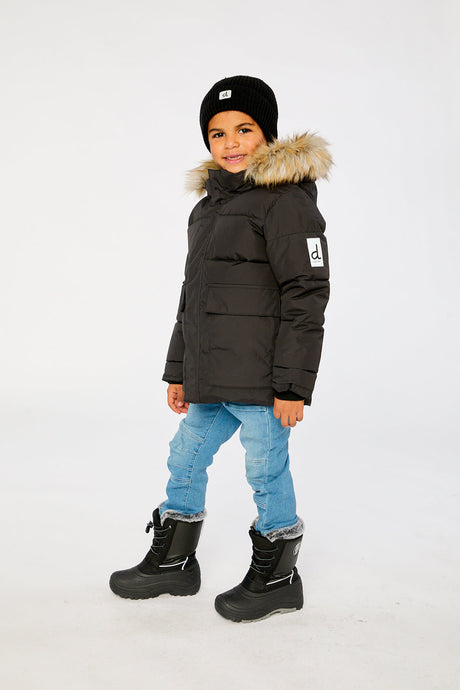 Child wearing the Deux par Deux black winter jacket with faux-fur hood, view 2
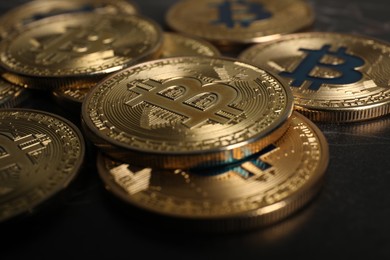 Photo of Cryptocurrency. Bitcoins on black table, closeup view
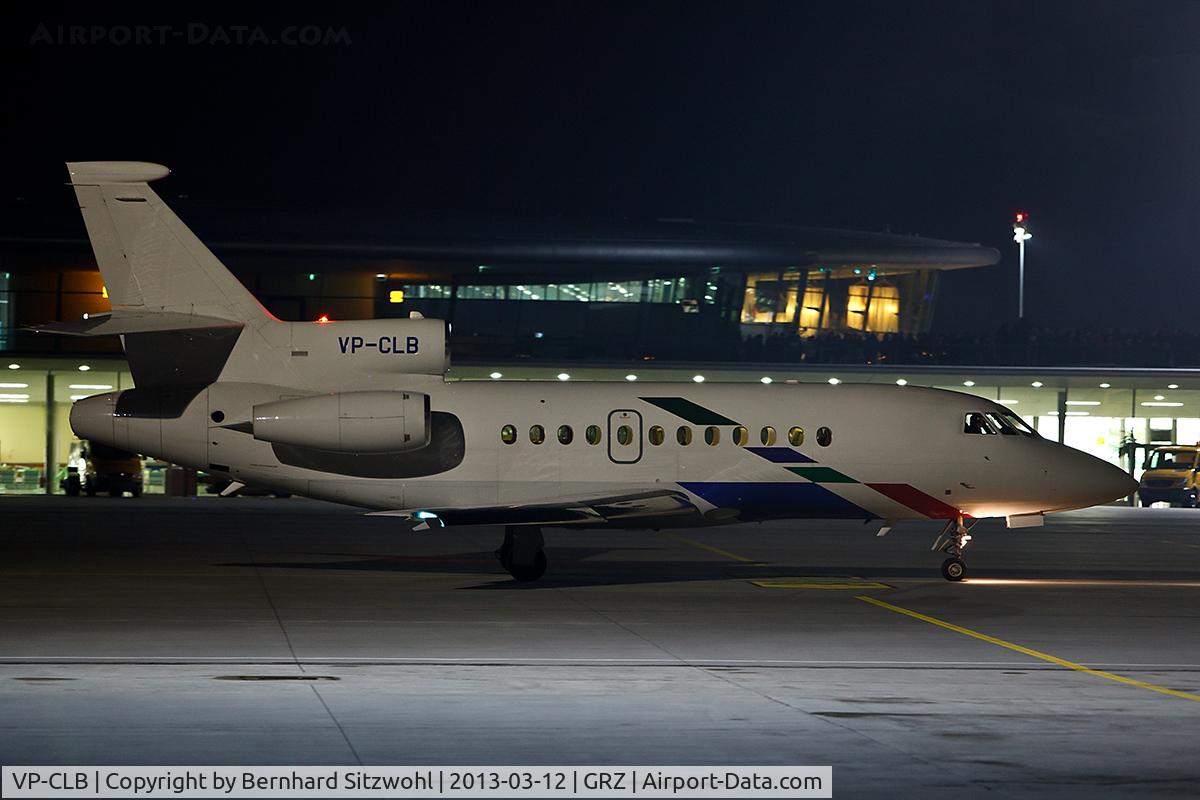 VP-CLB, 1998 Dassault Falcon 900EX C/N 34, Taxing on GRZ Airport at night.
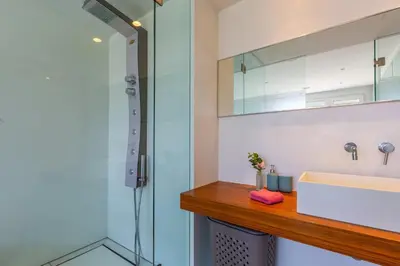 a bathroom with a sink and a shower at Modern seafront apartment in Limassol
+ + + + +
▸ Task requirements
Reproduce the listing word for word and omit its pictures.

▸ Exercise solution
 Child wearing the Deux par Deux black winter jacket with faux-fur hood, view 2
 Photo of Cryptocurrency. Bitcoins on black table, closeup view
 VP-CLB, 1998 Dassault Falcon 900EX C/N 34, Taxing on GRZ Airport at night.
 a bathroom with a sink and a shower at Modern seafront apartment in Limassol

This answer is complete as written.